======== Study material
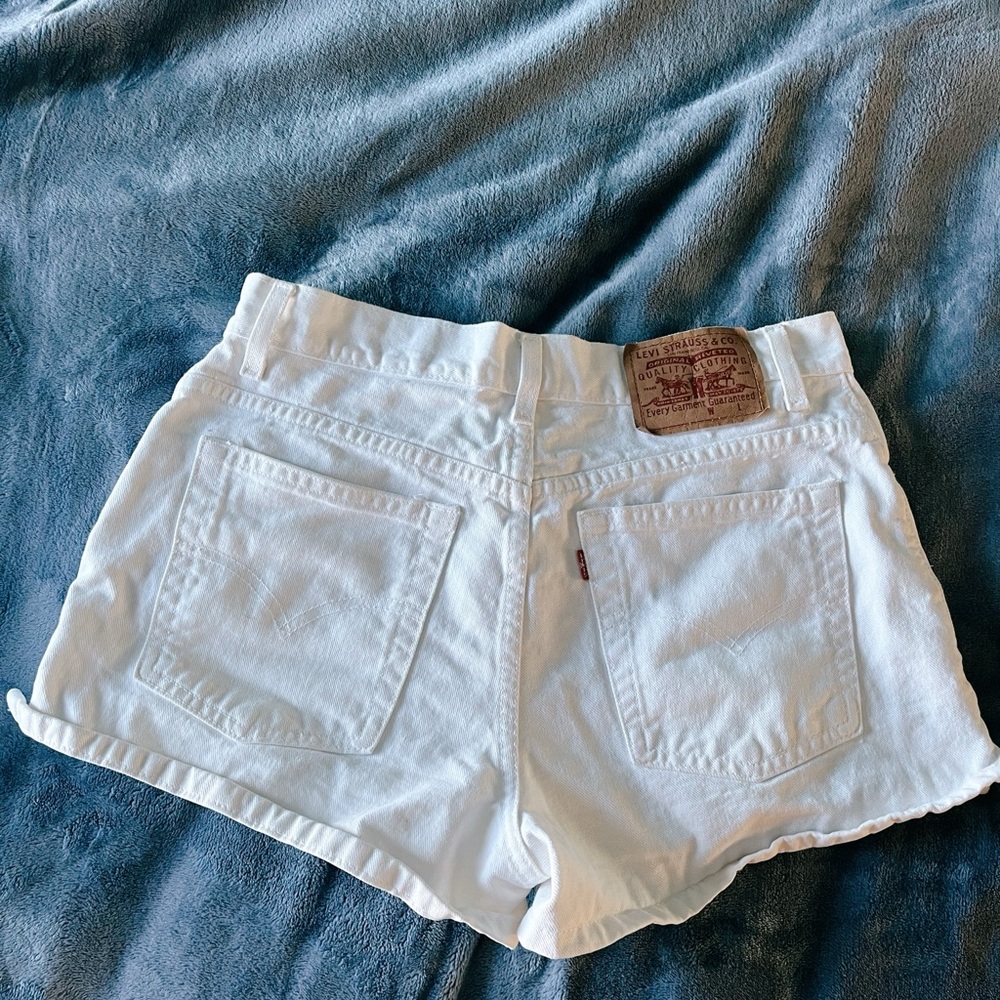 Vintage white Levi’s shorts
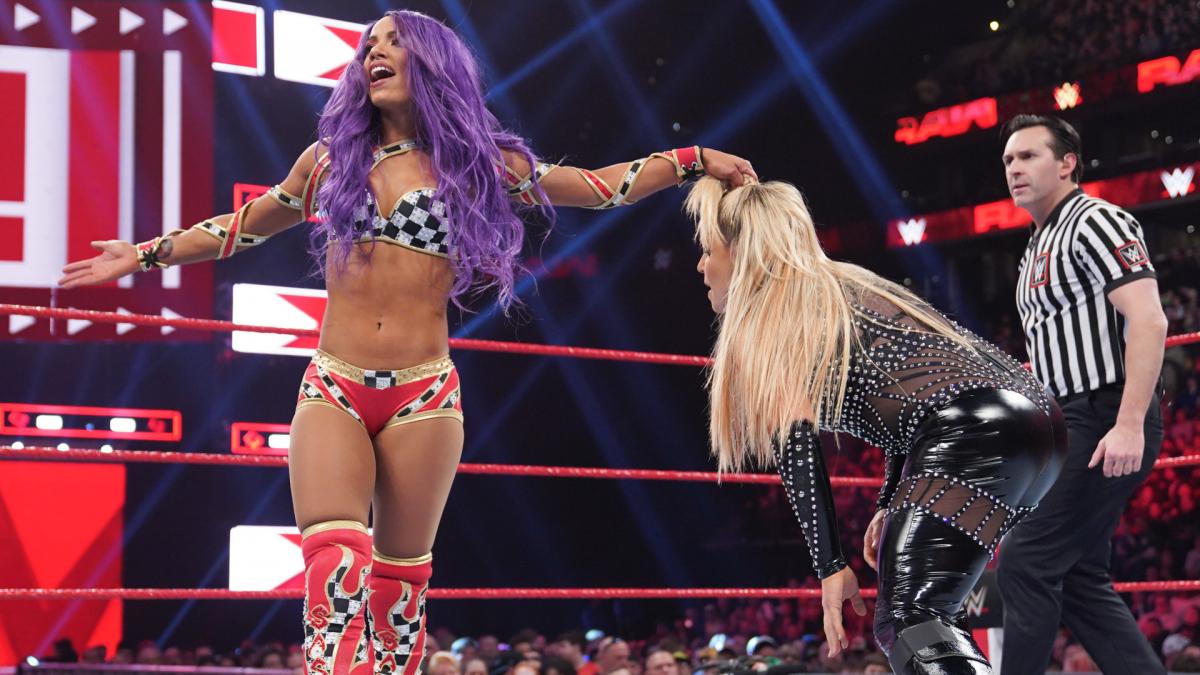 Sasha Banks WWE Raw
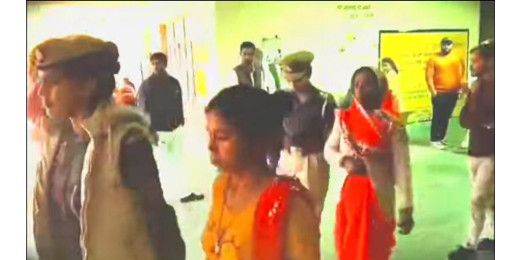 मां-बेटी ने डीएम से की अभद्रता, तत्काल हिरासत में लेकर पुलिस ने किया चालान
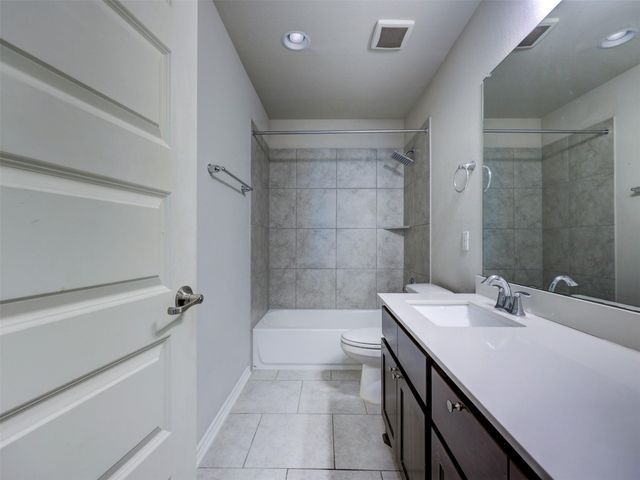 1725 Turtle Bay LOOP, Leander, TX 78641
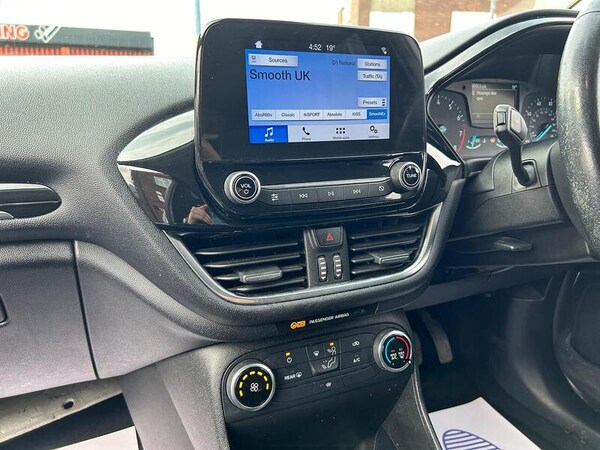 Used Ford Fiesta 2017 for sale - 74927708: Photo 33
================
§ To do
Write out exactly, and only, the lines running from the line with "1725 Turtle Bay LOOP, Leander, TX 78641" to the last line above, both included, with all pictures omitted.

§ Problem solution
 1725 Turtle Bay LOOP, Leander, TX 78641
 Used Ford Fiesta 2017 for sale - 74927708: Photo 33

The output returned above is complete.